→ Exercise details:
Please return the listing exactly, line for line.

* * *

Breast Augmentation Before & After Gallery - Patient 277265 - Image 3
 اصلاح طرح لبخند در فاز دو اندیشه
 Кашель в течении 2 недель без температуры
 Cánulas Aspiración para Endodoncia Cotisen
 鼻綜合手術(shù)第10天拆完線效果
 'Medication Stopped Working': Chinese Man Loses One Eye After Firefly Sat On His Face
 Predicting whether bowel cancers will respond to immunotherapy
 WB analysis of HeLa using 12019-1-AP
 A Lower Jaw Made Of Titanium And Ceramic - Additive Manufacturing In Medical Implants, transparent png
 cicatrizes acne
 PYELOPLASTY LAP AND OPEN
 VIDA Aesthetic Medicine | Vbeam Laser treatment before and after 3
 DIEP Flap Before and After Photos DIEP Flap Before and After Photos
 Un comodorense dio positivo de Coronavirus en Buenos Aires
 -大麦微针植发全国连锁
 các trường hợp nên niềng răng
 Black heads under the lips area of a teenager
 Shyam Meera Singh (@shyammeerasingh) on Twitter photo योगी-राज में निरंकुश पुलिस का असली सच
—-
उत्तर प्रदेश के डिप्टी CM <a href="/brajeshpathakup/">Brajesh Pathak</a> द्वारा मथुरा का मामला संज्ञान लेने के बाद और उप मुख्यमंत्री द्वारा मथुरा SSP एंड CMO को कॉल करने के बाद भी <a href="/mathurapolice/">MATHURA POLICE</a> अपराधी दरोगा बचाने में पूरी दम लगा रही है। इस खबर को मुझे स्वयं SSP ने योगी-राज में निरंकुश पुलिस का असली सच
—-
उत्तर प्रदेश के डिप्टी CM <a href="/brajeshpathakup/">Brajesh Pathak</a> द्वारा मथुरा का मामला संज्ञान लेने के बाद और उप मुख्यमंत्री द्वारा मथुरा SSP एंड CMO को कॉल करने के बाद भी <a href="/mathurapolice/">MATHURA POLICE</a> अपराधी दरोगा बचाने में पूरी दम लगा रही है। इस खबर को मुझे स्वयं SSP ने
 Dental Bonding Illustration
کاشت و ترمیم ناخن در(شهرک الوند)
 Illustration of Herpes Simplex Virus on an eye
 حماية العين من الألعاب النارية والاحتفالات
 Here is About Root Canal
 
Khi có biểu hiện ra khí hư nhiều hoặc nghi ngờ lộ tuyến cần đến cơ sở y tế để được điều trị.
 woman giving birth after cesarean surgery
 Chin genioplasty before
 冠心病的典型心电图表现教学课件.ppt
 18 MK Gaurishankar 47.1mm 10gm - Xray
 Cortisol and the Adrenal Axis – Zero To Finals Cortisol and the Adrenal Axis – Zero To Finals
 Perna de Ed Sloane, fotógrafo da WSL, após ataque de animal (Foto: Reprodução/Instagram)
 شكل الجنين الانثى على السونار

* * *

→ Answer for this exercise:
Breast Augmentation Before & After Gallery - Patient 277265 - Image 3
 اصلاح طرح لبخند در فاز دو اندیشه
 Кашель в течении 2 недель без температуры
 Cánulas Aspiración para Endodoncia Cotisen
 鼻綜合手術(shù)第10天拆完線效果
 'Medication Stopped Working': Chinese Man Loses One Eye After Firefly Sat On His Face
 Predicting whether bowel cancers will respond to immunotherapy
 WB analysis of HeLa using 12019-1-AP
 A Lower Jaw Made Of Titanium And Ceramic - Additive Manufacturing In Medical Implants, transparent png
 cicatrizes acne
 PYELOPLASTY LAP AND OPEN
 VIDA Aesthetic Medicine | Vbeam Laser treatment before and after 3
 DIEP Flap Before and After Photos DIEP Flap Before and After Photos
 Un comodorense dio positivo de Coronavirus en Buenos Aires
 -大麦微针植发全国连锁
 các trường hợp nên niềng răng
 Black heads under the lips area of a teenager
 Shyam Meera Singh (@shyammeerasingh) on Twitter photo योगी-राज में निरंकुश पुलिस का असली सच
—-
उत्तर प्रदेश के डिप्टी CM <a href="/brajeshpathakup/">Brajesh Pathak</a> द्वारा मथुरा का मामला संज्ञान लेने के बाद और उप मुख्यमंत्री द्वारा मथुरा SSP एंड CMO को कॉल करने के बाद भी <a href="/mathurapolice/">MATHURA POLICE</a> अपराधी दरोगा बचाने में पूरी दम लगा रही है। इस खबर को मुझे स्वयं SSP ने योगी-राज में निरंकुश पुलिस का असली सच
—-
उत्तर प्रदेश के डिप्टी CM <a href="/brajeshpathakup/">Brajesh Pathak</a> द्वारा मथुरा का मामला संज्ञान लेने के बाद और उप मुख्यमंत्री द्वारा मथुरा SSP एंड CMO को कॉल करने के बाद भी <a href="/mathurapolice/">MATHURA POLICE</a> अपराधी दरोगा बचाने में पूरी दम लगा रही है। इस खबर को मुझे स्वयं SSP ने
 Dental Bonding Illustration
کاشت و ترمیم ناخن در(شهرک الوند)
 Illustration of Herpes Simplex Virus on an eye
 حماية العين من الألعاب النارية والاحتفالات
 Here is About Root Canal
 
Khi có biểu hiện ra khí hư nhiều hoặc nghi ngờ lộ tuyến cần đến cơ sở y tế để được điều trị.
 woman giving birth after cesarean surgery
 Chin genioplasty before
 冠心病的典型心电图表现教学课件.ppt
 18 MK Gaurishankar 47.1mm 10gm - Xray
 Cortisol and the Adrenal Axis – Zero To Finals Cortisol and the Adrenal Axis – Zero To Finals
 Perna de Ed Sloane, fotógrafo da WSL, após ataque de animal (Foto: Reprodução/Instagram)
 شكل الجنين الانثى على السونار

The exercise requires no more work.